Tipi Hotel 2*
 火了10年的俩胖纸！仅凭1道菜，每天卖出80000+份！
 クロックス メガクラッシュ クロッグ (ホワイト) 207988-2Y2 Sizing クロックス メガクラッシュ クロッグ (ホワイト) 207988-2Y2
========
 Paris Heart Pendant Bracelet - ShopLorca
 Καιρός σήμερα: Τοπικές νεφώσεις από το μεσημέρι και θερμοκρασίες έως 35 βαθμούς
========
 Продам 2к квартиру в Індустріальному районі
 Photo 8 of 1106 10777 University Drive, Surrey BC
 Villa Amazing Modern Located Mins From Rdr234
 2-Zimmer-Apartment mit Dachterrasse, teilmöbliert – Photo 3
========
One stretch of the lines above is wanted, from the line that contains "Tipi Hotel 2*" through the line that contains "クロックス メガクラッシュ クロッグ (ホワイト) 207988-2Y2 Sizing". Output it exactly.

Tipi Hotel 2*
 火了10年的俩胖纸！仅凭1道菜，每天卖出80000+份！
 クロックス メガクラッシュ クロッグ (ホワイト) 207988-2Y2 Sizing クロックス メガクラッシュ クロッグ (ホワイト) 207988-2Y2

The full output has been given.